[Short descriptive text snippets]
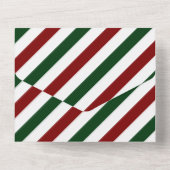 Aanpasbare Kerst Strepen All In One Uitnodiging (Achterkant)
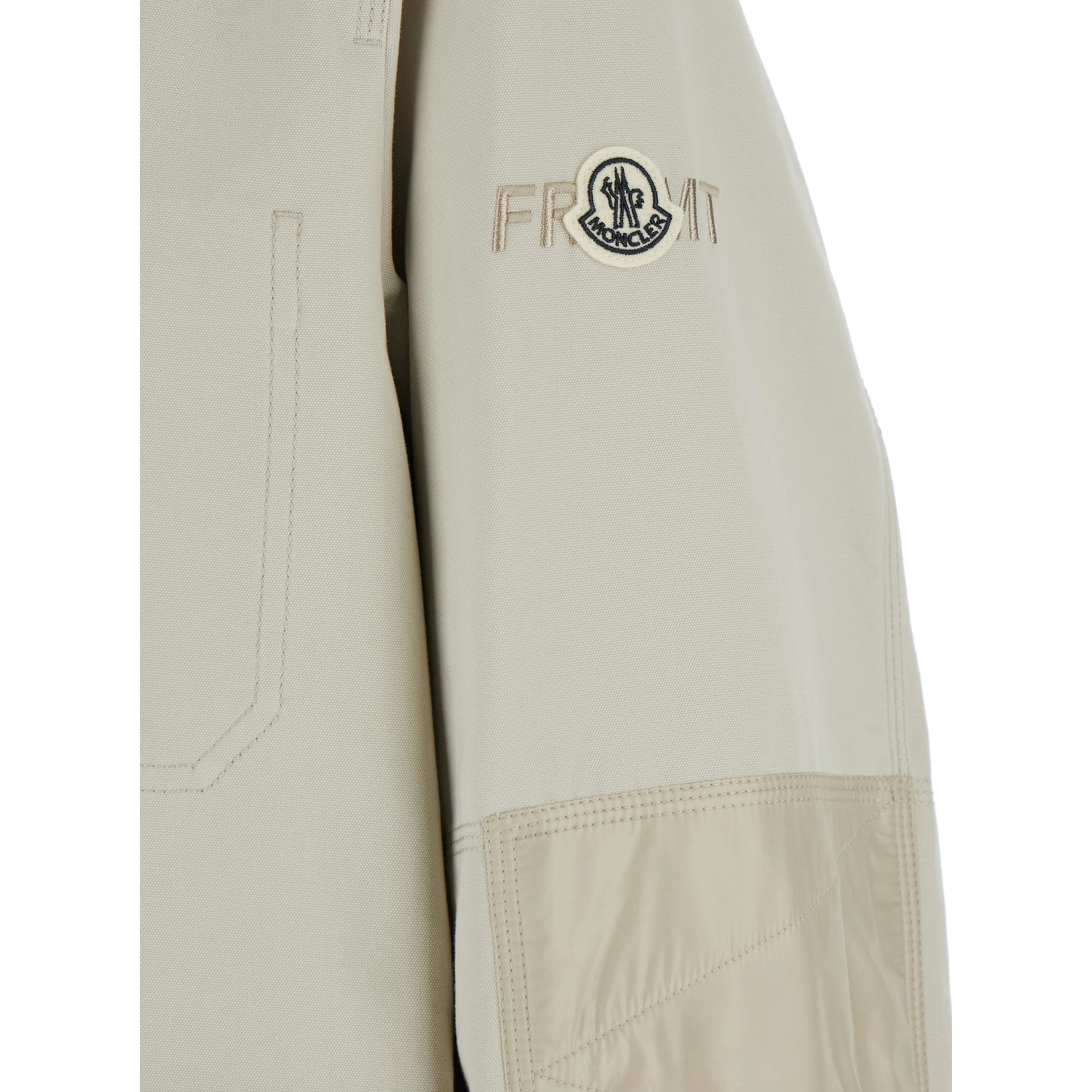 Jeike Beige Jacket with Ribbed Classic Collar and Logo Patch on the Sleeve in Cotton Man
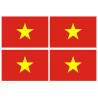 Drapeau Viet Nam - 4 stickers - 9.5 x 6.3 cm - Autocollant(sticker)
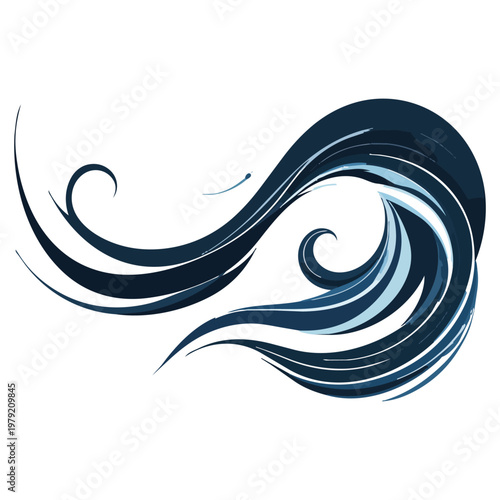 青い流線で風を表現した抽象ベクターイラスト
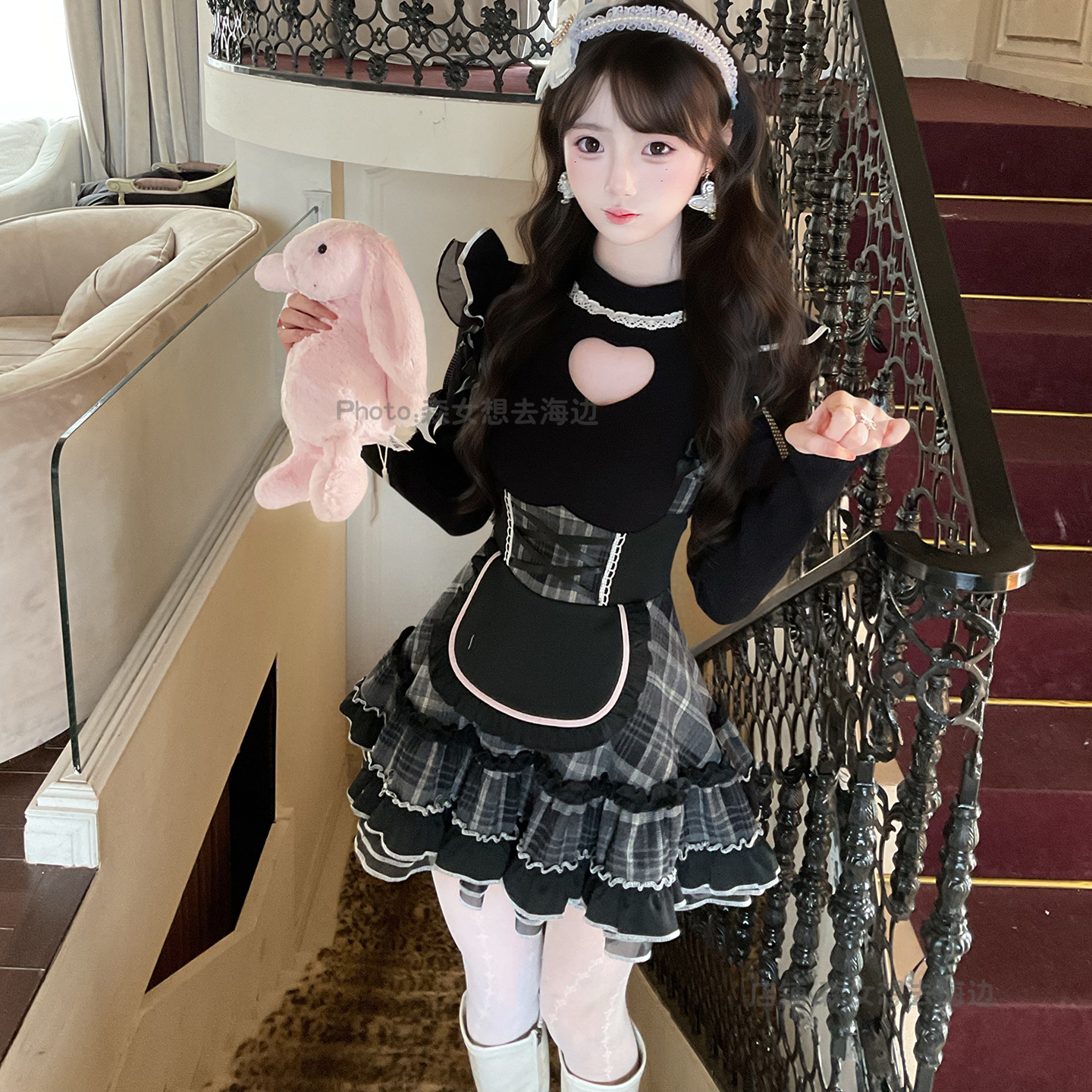 森女系原创想去海边 最喜欢你 黑色蕾系爱心领口内搭上衣背带裙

WHAT THE TASK REQUIRES
Return the line containing "青い流線で風を表現した抽象ベクターイラスト" and every line after it through the end of the records above, exactly and nothing else, but not the pictures.

SOLUTION TO THE EXERCISE
 青い流線で風を表現した抽象ベクターイラスト
 森女系原创想去海边 最喜欢你 黑色蕾系爱心领口内搭上衣背带裙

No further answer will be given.